According to one description, the earliest Jewish settlers of the Garske Colony were two brothers-in-law, Morris Kohn and Herman Kaufmann, who emigrated from a wine district in Hungary after a plague wiped out their vineyards. Their story appears in The House That Shadows Built, a biography of Hollywood film magnate Adolph Zukor by Will Irwin (Zukor married one of the Kaufmann daughters).

After arriving in America, Kohn and Kaufmann set off in 1881 with a capital of $380, a rickety wagon, and three horses which they put on a railroad box car for $60 heading to Devils Lake. There they mounted their horses and followed a guide several miles north across the trackless prairie. As they were building their timber and tarpaper shack, one of the horses ran away. A spilled can of kerosene caught fire, consumed the newly completed shanty and set the prairie ablaze. A fortunate rain halted this fire, but not before their new house was completely destroyed. The men returned to Devils Lake for supplies and this time they built a sod hut. They filed their claim, went into debt for money for a cow and farm machinery and planted forty acres of potatoes.
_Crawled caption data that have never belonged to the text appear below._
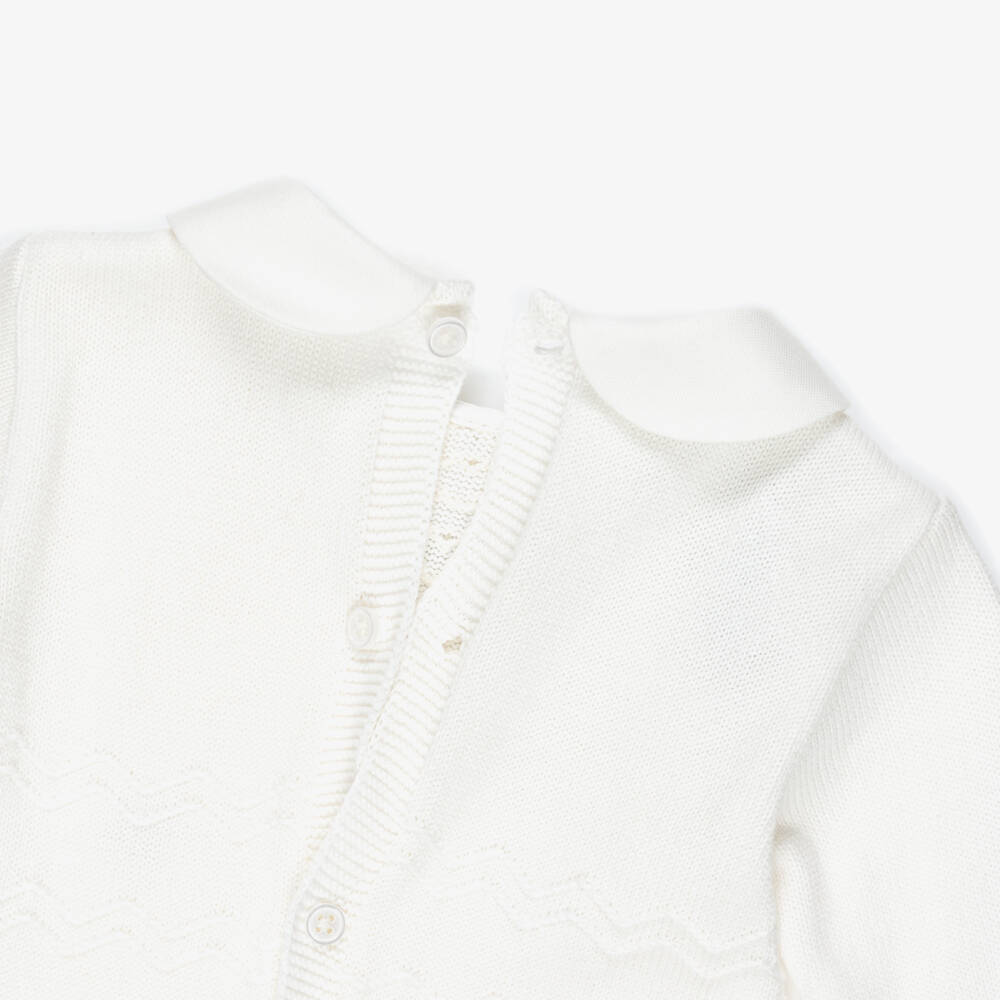 PAZ Rodríguez-Ivory Cotton Knit Babygrow with Knot Stitch Detail  | Childrensalon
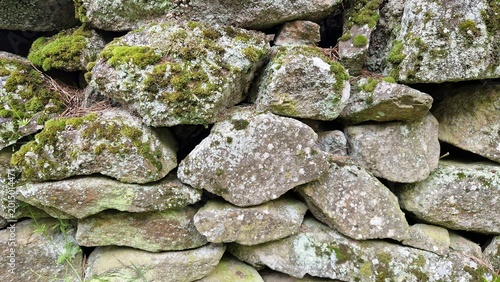 Weathered dry stack stone wall showing natural texture with green moss and white lichen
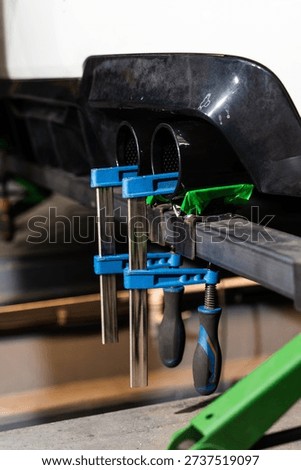 Positioning custom exhaust tips for performance tuning before full exhaust system installation.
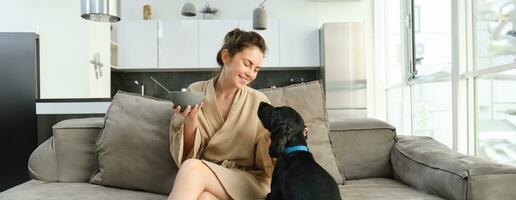 Home and lifestyle concept. Beautiful young woman with dog, sitting on sofa, eating cereals and hugging her puppy, girl having breakfast in bathrobe photo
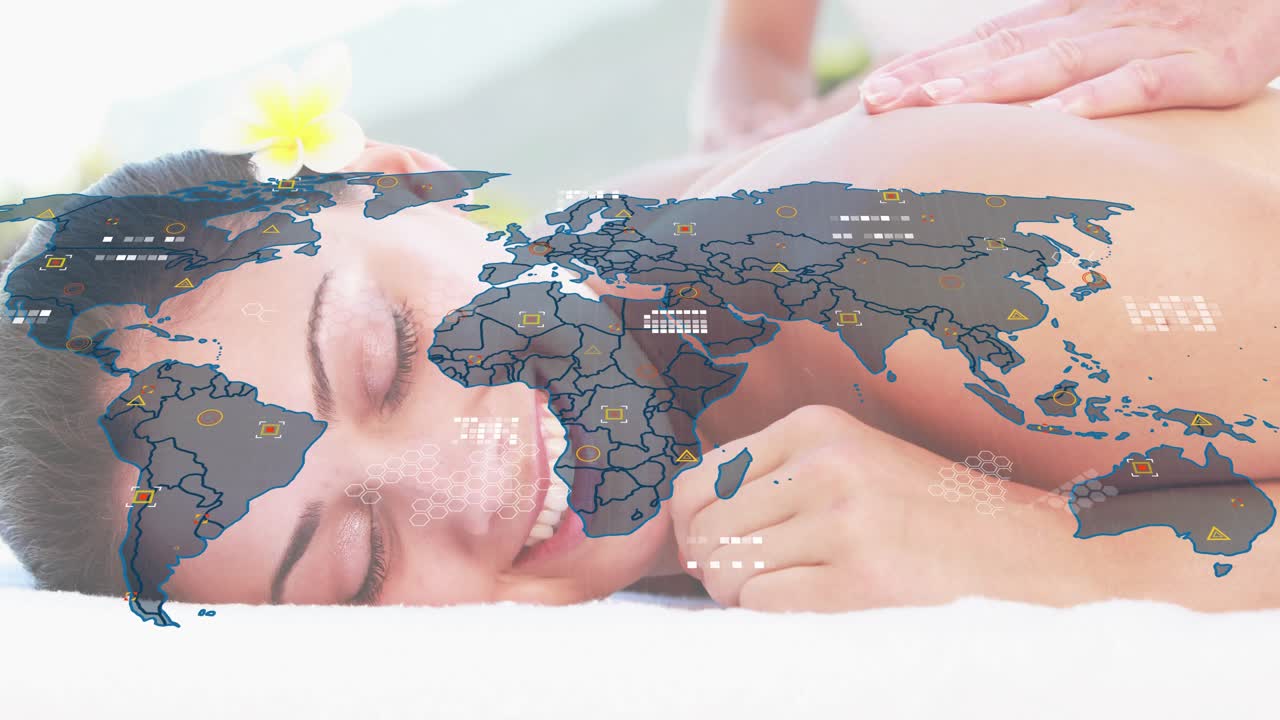 Spa therapist pressing back, applying oil, kneading muscles under map overlay, releasing tension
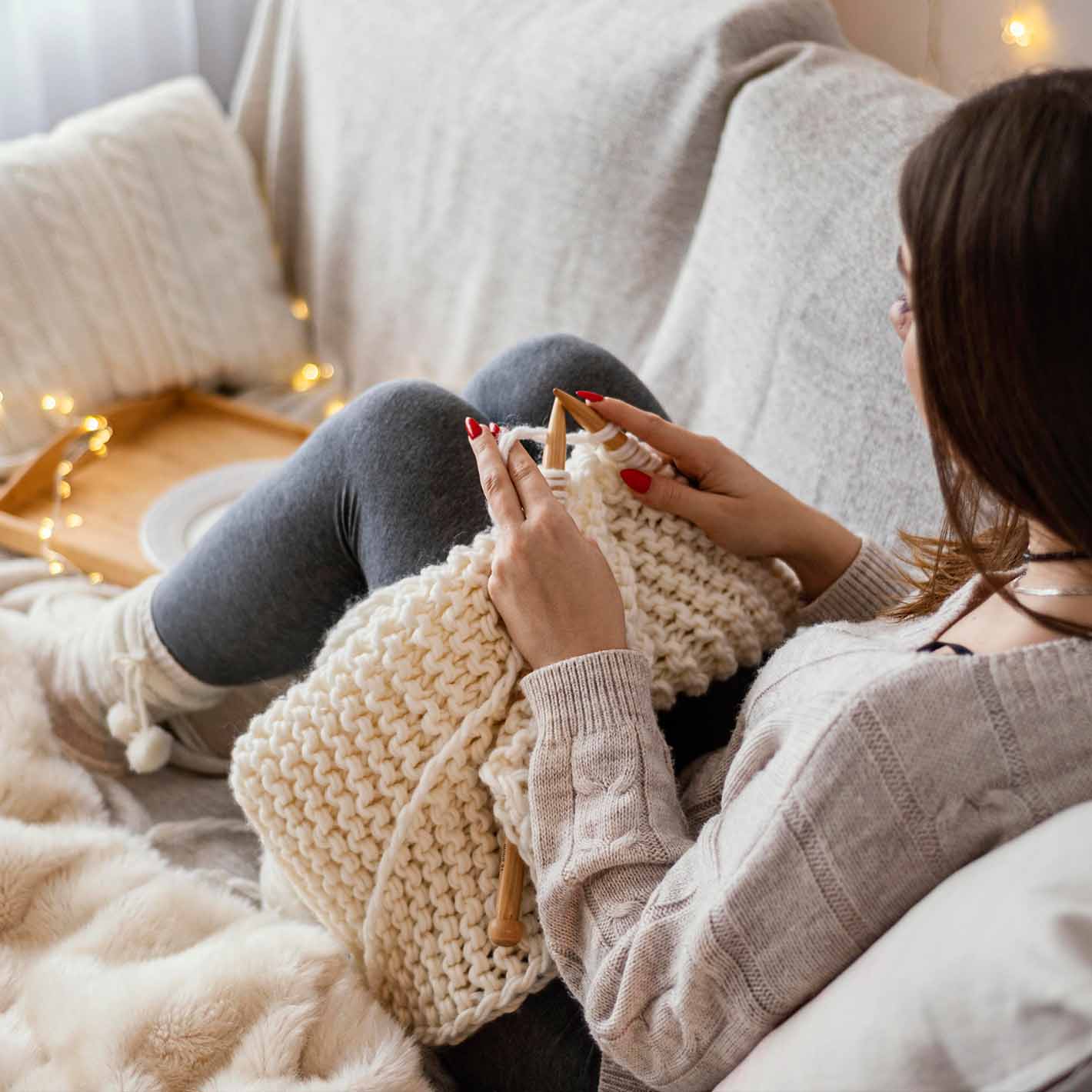 young lady knitting on couch surrounded by blankets, lights and pillow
Their venture was not successful. Morris Kohn soon gave up and moved to Chicago. Herman Kaufmann stayed six years before also moving to Chicago. About the time these early settlers were leaving, Bennie and Phillip Greenberg and their families arrived to file claims. According to Early Jewish Agricultural Colonies in North Dakota by Clarence Anderson, the settlers lived through bitter winters, buried in blizzards, crowded into board shacks or mud huts with dirt floors. Dried cow manure served as fuel for heating and cooking. Bennie Greenberg eventually became the postmaster at Benzion. He remained in Devils Lake as a Justice of the Peace. According to The Hole in the Heartland by Barrie Greenbie, Bennie Greenberg was one of the first to arrive and one of the last to leave. Phillip Greenberg also moved to Devils Lake and became a businessman there, later moving to Minneapolis.

Garske County Mercantile-800

Mike Connor tells us, “….had this picture of Garske in my office, don’t know for sure when it was taken, but would assume sometime in the early 1900’s….the store was run by a ‘Hocking’ Aarsby, my Dad talked about he & his 3 brothers earning 50 cents (not each) for unloading a car of lignite coal on the rail siding (over by the RR water tower)….by the 20’s Dad said Garske had a lumber yard, bank, school, several grain elevator companies & of course the store. ….it would have been about an 8 mile walk or ride from near the Sons of Jacob cemetery to Garske, a long trip in those days.

The Garske Colony was not the first community to have Jewish settlers, but it was one that succeeded. Eventually 90 Jewish men and women filed claims in Ramsey County for land in this area. German philanthropist Baron de Hirsch played an important part in the establishment of this settlement. He believed that Jews would be better accepted in the United States if they were more like their neighbors and that translated into farming. Thus many settlers received funds before making their way to North Dakota. The Minneapolis Jewish community and other communities in the United States sent food and money to help the settlers over the difficult times.

Typically, the homesteaders would stay on the land the required number of years in order to receive their land patent. If their attempts at farming were unsuccessful, as most were, many homesteaders sold the land and used the money to move to larger cities such as Winnipeg, Minneapolis, St. Paul or Chicago. Some moved into the closest town, Devils Lake, to become peddlers, storekeepers or railroad construction workers.

Devils Lake had a full Jewish communal life. Jewish High Holiday services were held in the courthouse and court dates were not set in the fall of the year until holiday dates were scheduled. Most settlers adhered to Orthodox traditions. Rabbi Papermaster of Grand Forks served the community as needed and came every fall with provisions and to help prepare kosher meat for the oncoming winter.

By 1912, the Garske Colony was the Northwest’s oldest Jewish farming settlement. By the mid-1920s, however, the families had moved away and only the cemetery remained.